Dr. Bill Batchelor is a Professor and Holder of the R.P. Gregory ’32 Chair in the Zachry Department of Civil Engineering at Texas A&M University. He earned bachelors and masters degrees from Rice University (1971, 1974) and a doctorate from Cornell University (1976). He has been employed as an assistant, associate and full professor at Texas A&M University since 1976 while being active as a teacher and researcher in environmental engineering. His major research focus has been on developing innovative treatment methods for water, wastewater and hazardous wastes (http://batchelor.tamu.edu/bill/research.htm). These processes include development of advanced reduction processes for oxidized contaminants, use of novel adsorbent/reactants for removal of mercury, arsenic and selenium; the ultra-high lime and ultra-high lime with aluminum processes for removal of scalants from recycled cooling water and desalination brines; abiotic dechlorination with iron compounds in natural and engineered systems; degradative solidification/stabilization for containment and destruction of halogenated organics; reduction of oxidized contaminants with titanium electrodes; and autotrophic denitrification with elemental sulfur. He has published over seventy-five articles in refereed journals as well as many other publications in books and proceedings (http://batchelor.tamu.edu/bill/publications.htm). His research incorporates both experimental and modeling activities and is integrated with graduate and undergraduate education.
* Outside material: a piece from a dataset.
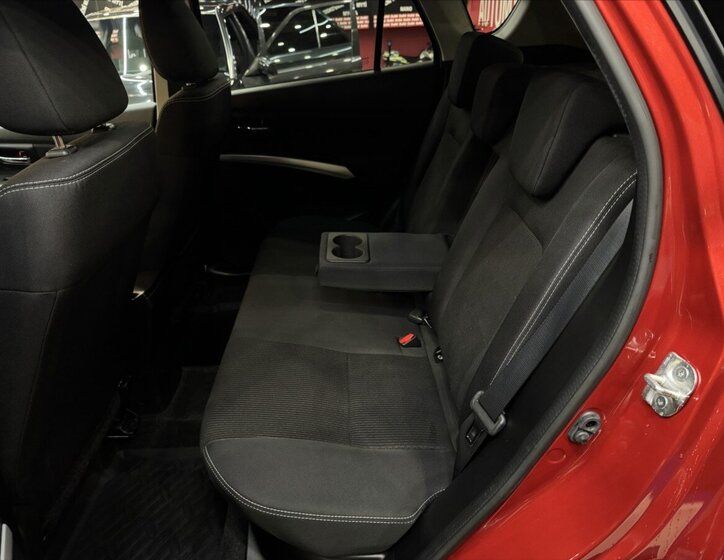 Suzuki SX4 S-Cross 22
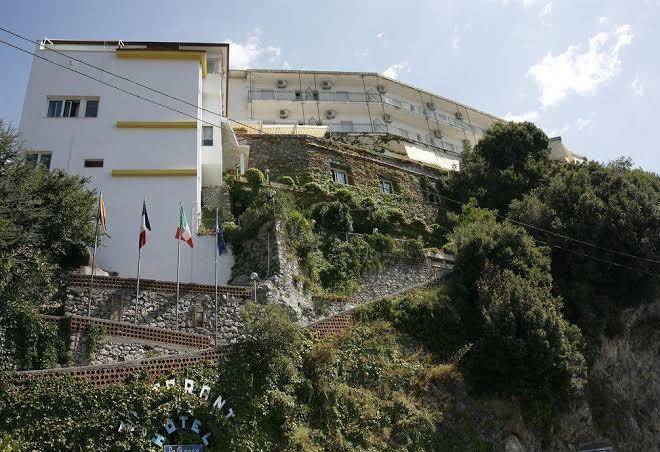 Hotel le rocce sul tirreno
He has held the Arthur McFarland Professorship and the R.P. Gregory ’32 Chair and has been recognized for outstanding teaching and research by the Zachry Department of Civil Engineering, the Dwight Look College of Engineering, the Texas Engineering Experiment Station, the Water Pollution Control Federation, and the Association of Environmental Engineering Professors.
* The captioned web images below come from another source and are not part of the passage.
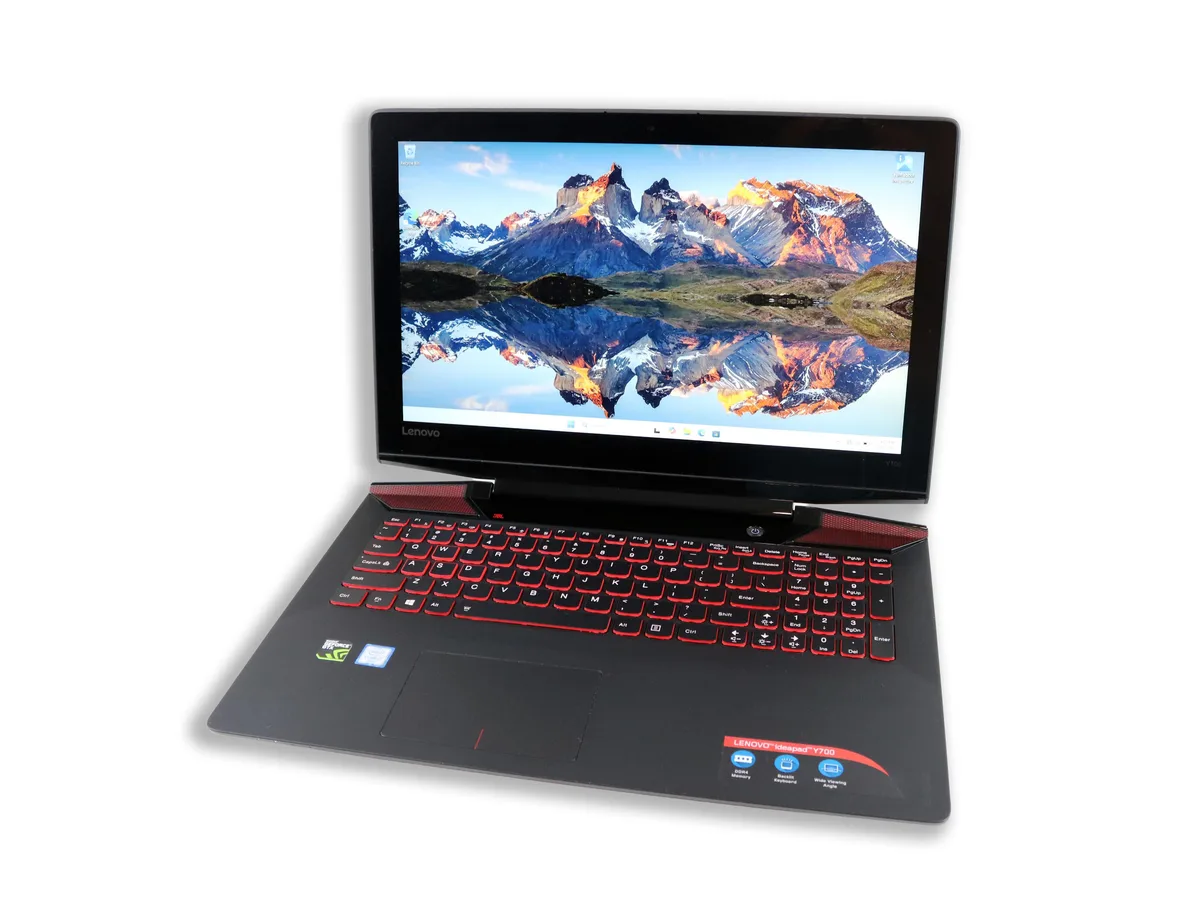Lenovo Lenovo Y700-15ISK gaming laptop — product photo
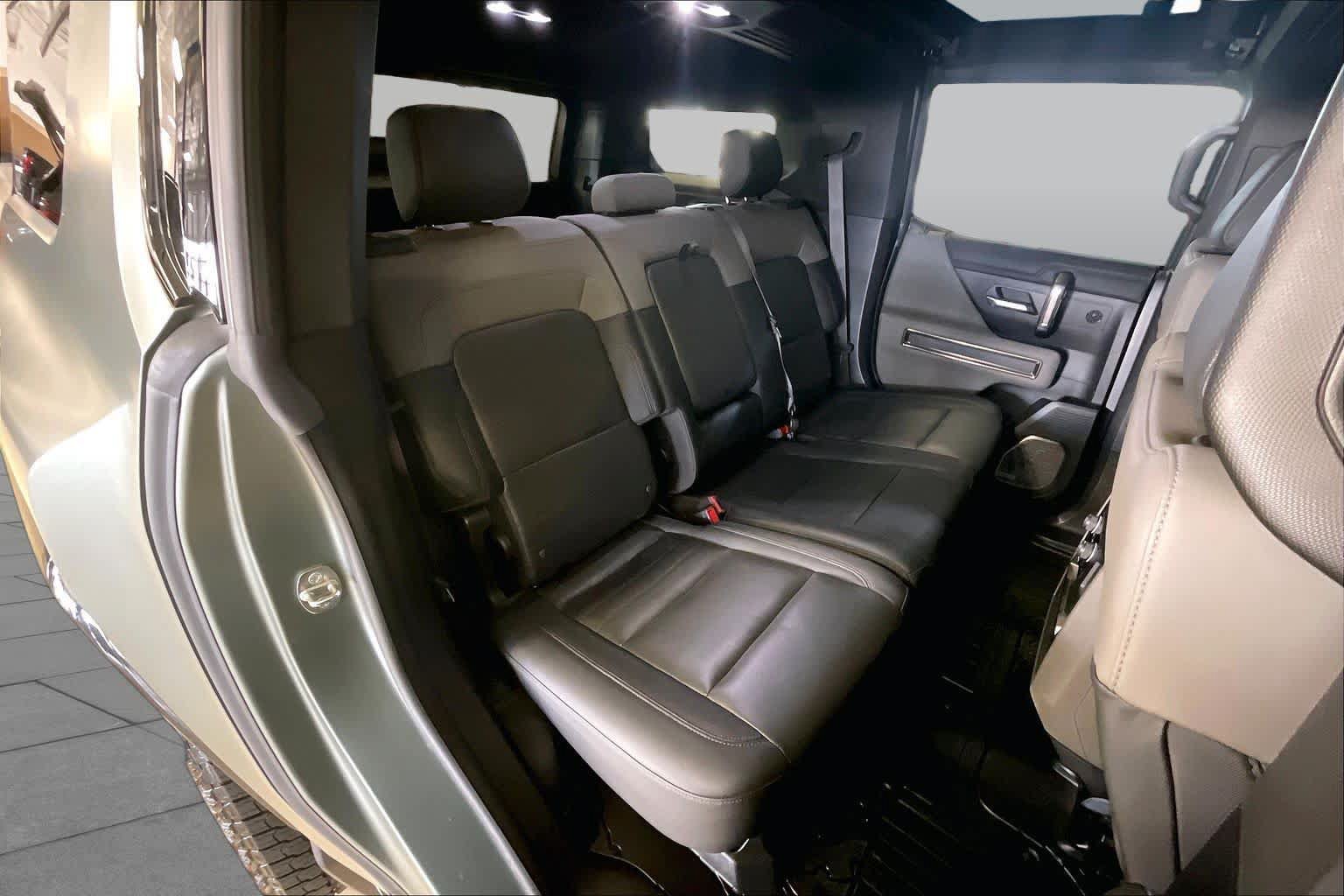 Used 2024 GMC Hummer EV 3X AWD/4WD image 18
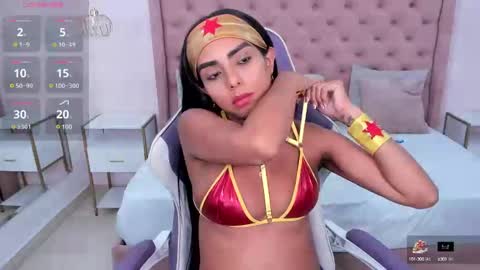 Snapshot of juliana_davies_ chatting on 10.06.25 Juli online show from 10.06.25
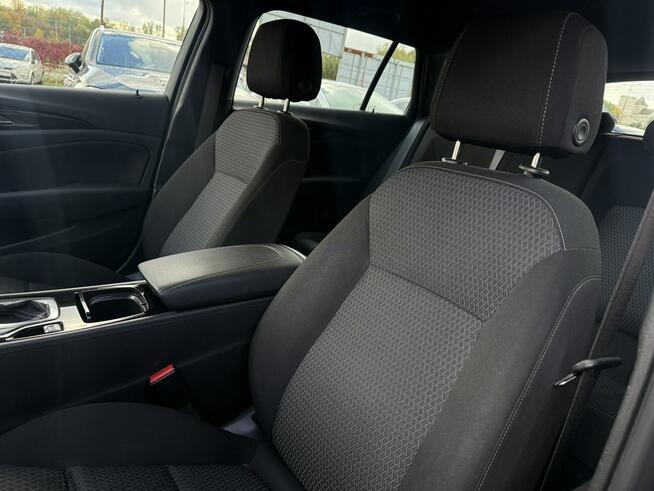 Opel Insignia krajowy rok 2022 automat Będzin - zdjęcie 10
2012 Growing Texas Conference

October 3: Texas Water Panel, Technological Challenges and Opportunities

Texas faces major challenges in providing economically-priced water in sufficient quantity to support a growing population and economy. No single approach will meet this challenge, so a variety of different methods will be employed. Successful applications of many these strategies require application of appropriate technologies, some of which are not currently available. This presentation will discuss a number of strategies including developing new supplies, improving use efficiency of existing supplies and conservation. In each case, a discussion will be presented of the roles of technologies such as water treatment, system optimization, and water quality monitoring and modeling. Some research in these areas on campus will be highlighted.